C'est le coût de l'extention du célèbre hôtel de Cannes.

Dans la guerre des palaces qui n'a cessé de sévir dans la ville chère à Jean Cocteau et à Jean Marais, où est né à la fin de la drôle de guerre le festival de cinéma, le Majestic vient de se placer en pole position. Inauguré en 1926, doté alors de 250 chambres et riche de 180 tonnes de marbre, le grand hôtel certifié ISO 9001, classé 5 étoiles en septembre 2009, s'est agrandi d'une seconde aile grâce au rachat du bâtiment limitrophe de la banque de France: «C'est plus qu'une extension, c'est le chaînon manquant» indique Emmanuel Caux, gentleman élégant, DG du cinq étoiles surplombant la grande bleue.

Désormais, le palace et sa façade à la blancheur pâtissière, aux frises et corniches, se trouvent situés sur un seul immeuble, renforçant ainsi la symétrie, l'harmonie, l'équilibre qu'il n'avait jamais connu alors.

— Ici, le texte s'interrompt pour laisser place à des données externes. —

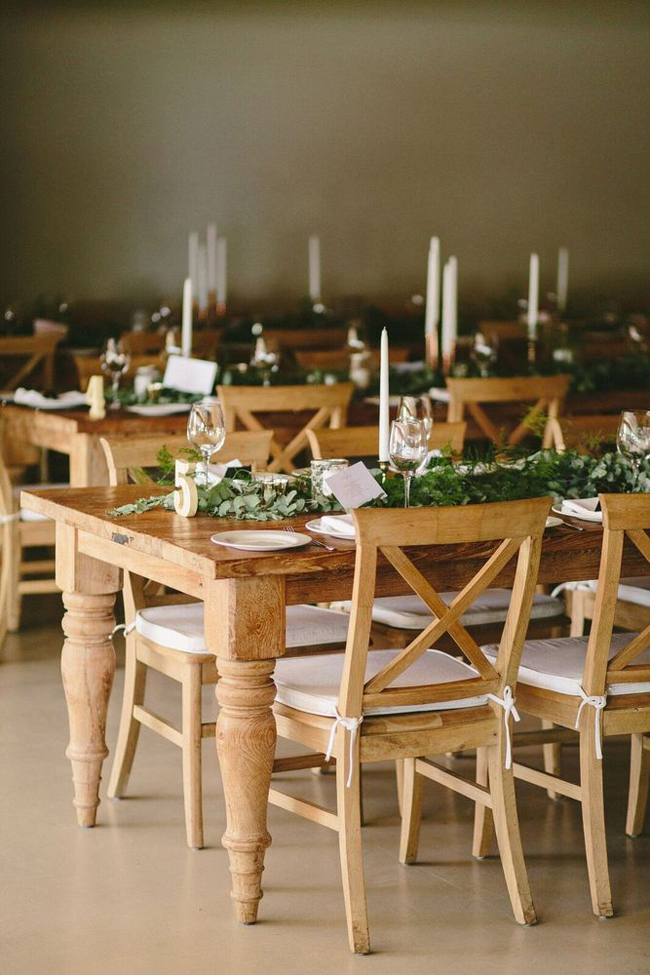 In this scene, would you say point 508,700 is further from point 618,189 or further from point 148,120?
point 618,189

Il a fallu deux ans de travaux gigantesques, une centaine d'artisans et 80 millions d'euros pour mener à bien cet agrandissement spectaculaire sur 10.000 mètres carrés, accompagné de la rénovation de la partie ancienne du site, soit sept étages - tout cela dans le style Art déco des années 30. Un défi. Songez que dans le sous-sol, les démolisseurs sont tombés sur une rivière souterraine: des menaces d'inondation permanente.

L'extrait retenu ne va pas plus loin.